• [PROBLEM]:
Produce a verbatim copy of the data below that contains no pictures.
==== EXTRACTED MATERIAL ====
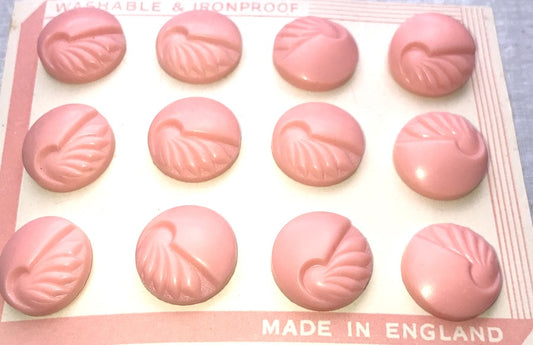 Pink 1.8cm English 1940s Catalin VERY Deco Buttons - 12 of them...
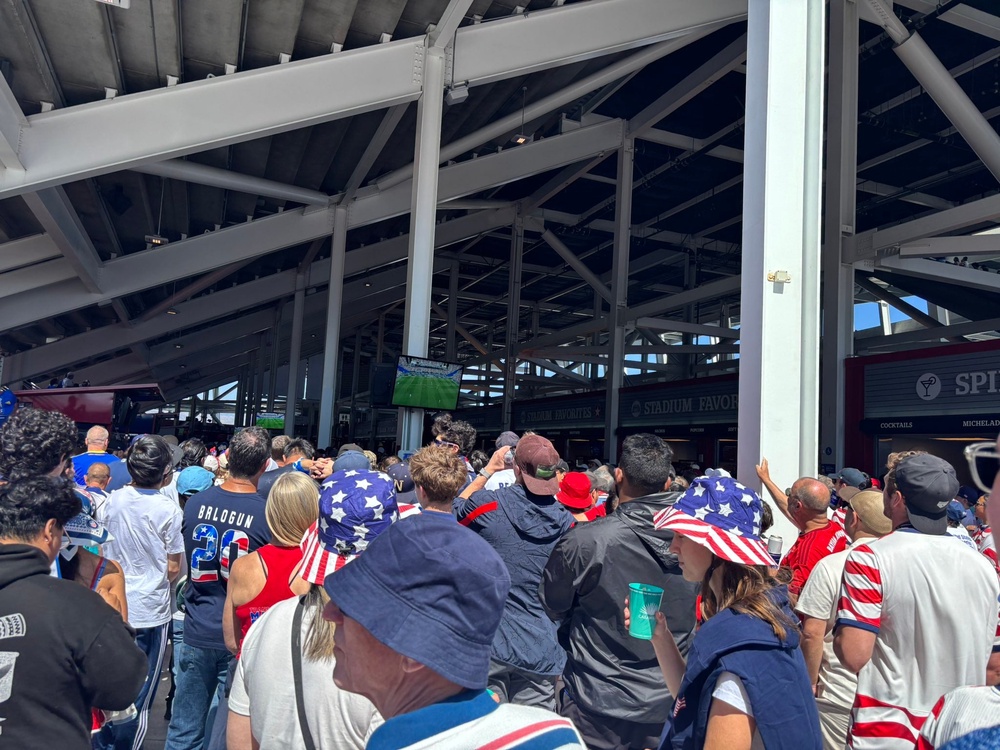US fans watching Belgium 3-2 Senegal in San Francisco (Kieran Jackson/The Independent)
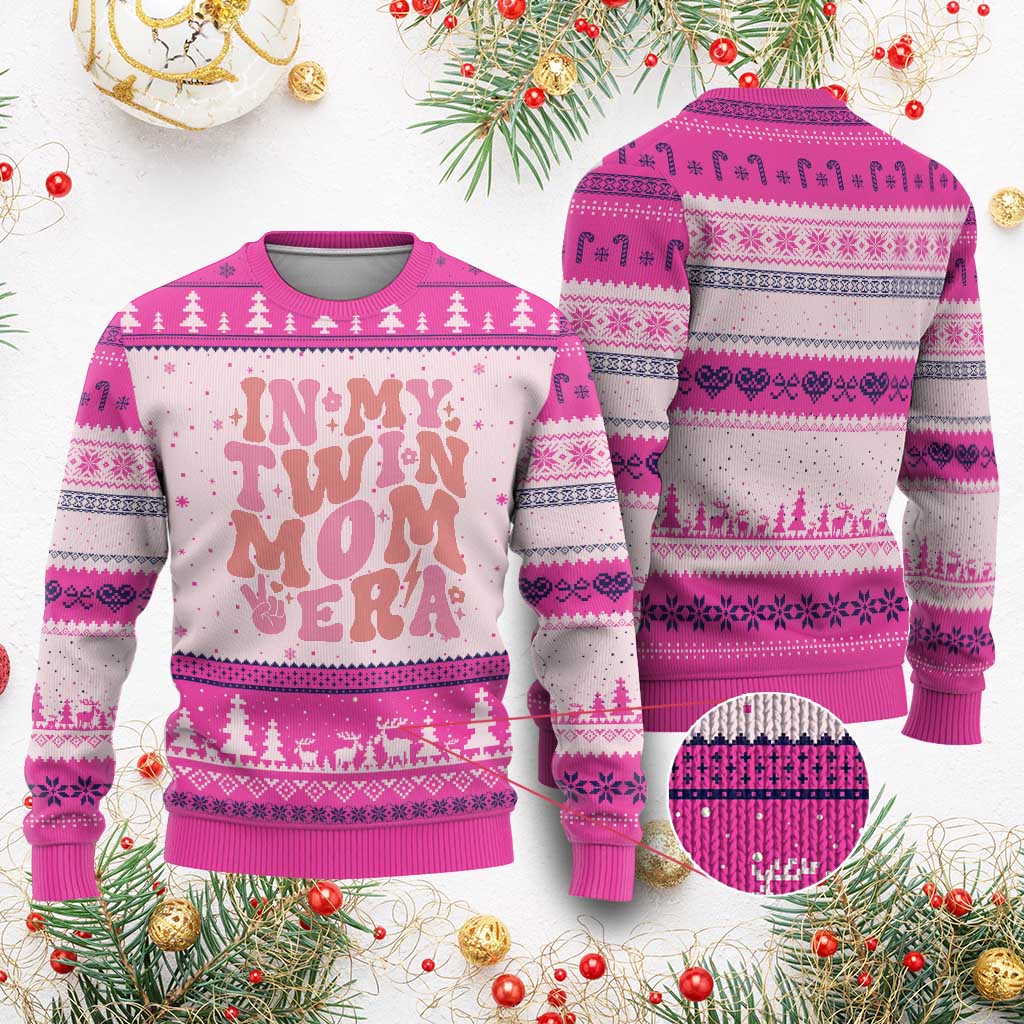 In My Twin Mom Era Ugly Christmas Sweater Funny Mama Twin Pregnancy Announcement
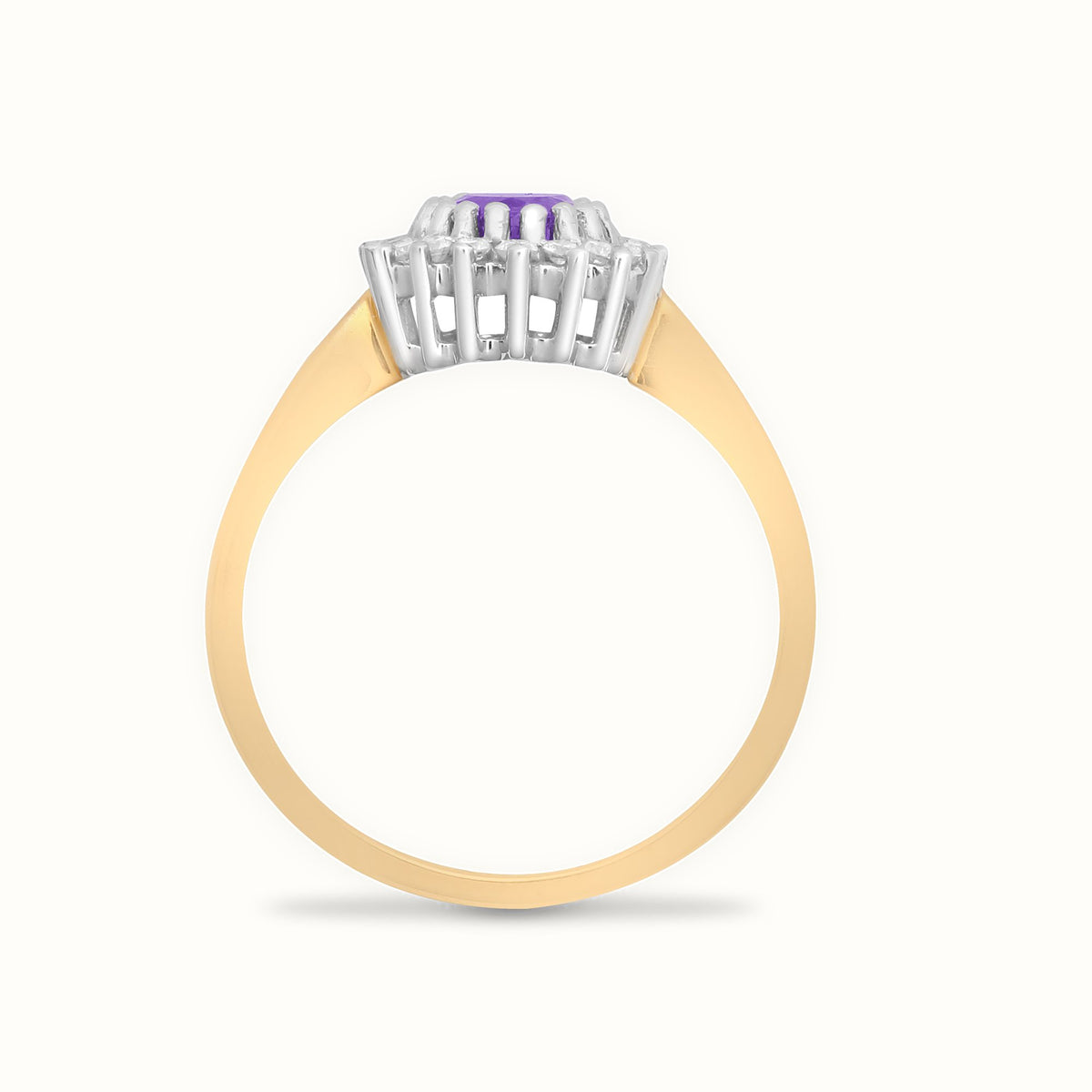 9ct Yellow Gold Natural Diamond 23pts & Amethyst 70pts Ring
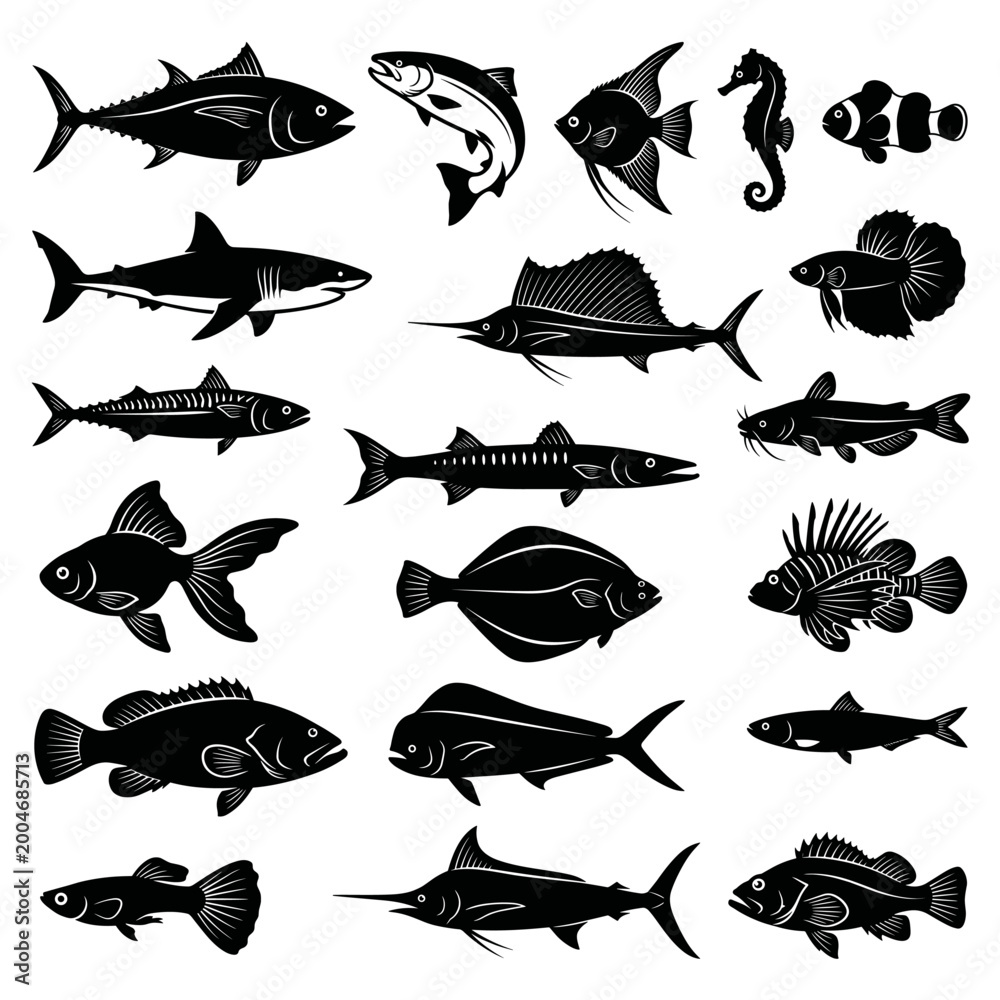 Obraz premium black and white vector silhouette set set of fish types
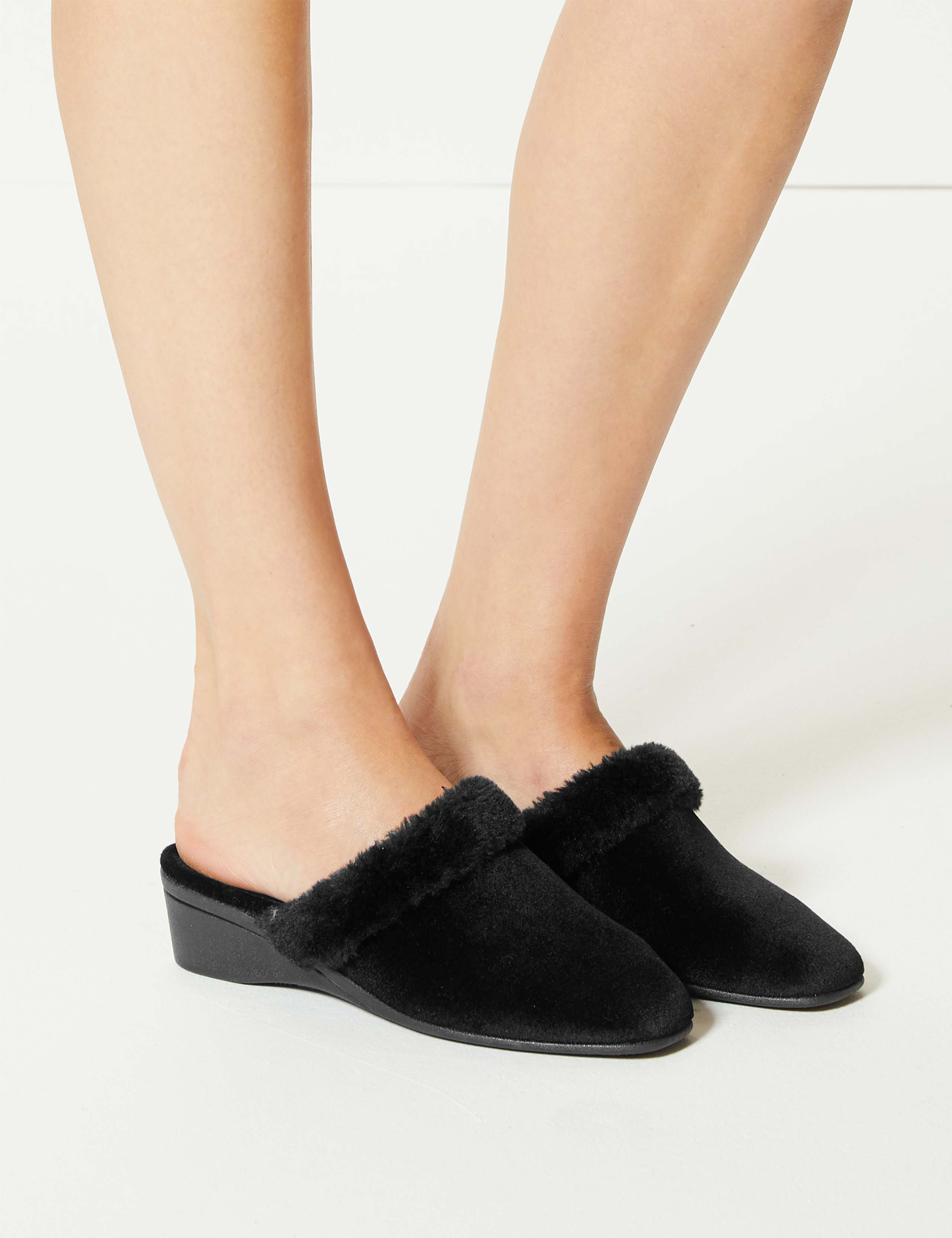 Faux Fur Trim Mule Slippers 1 of 5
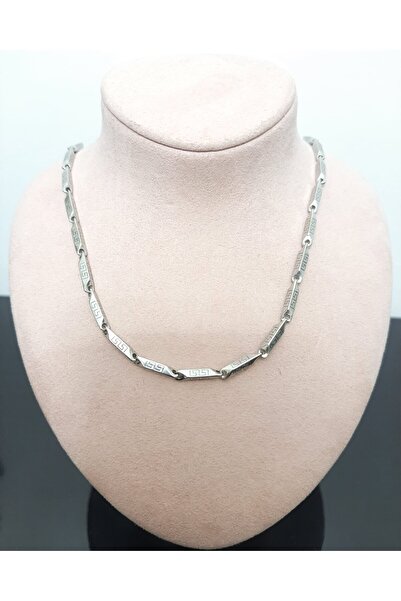 Tasarım Steel Necklace Titanium Melon Motif Model 3 mm 55 cm Silver (Si̇lver)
====
• [EXERCISE OUTPUT]:
 Pink 1.8cm English 1940s Catalin VERY Deco Buttons - 12 of them...
US fans watching Belgium 3-2 Senegal in San Francisco (Kieran Jackson/The Independent)
 In My Twin Mom Era Ugly Christmas Sweater Funny Mama Twin Pregnancy Announcement
 9ct Yellow Gold Natural Diamond 23pts & Amethyst 70pts Ring
 Obraz premium black and white vector silhouette set set of fish types
 Faux Fur Trim Mule Slippers 1 of 5
 Tasarım Steel Necklace Titanium Melon Motif Model 3 mm 55 cm Silver (Si̇lver)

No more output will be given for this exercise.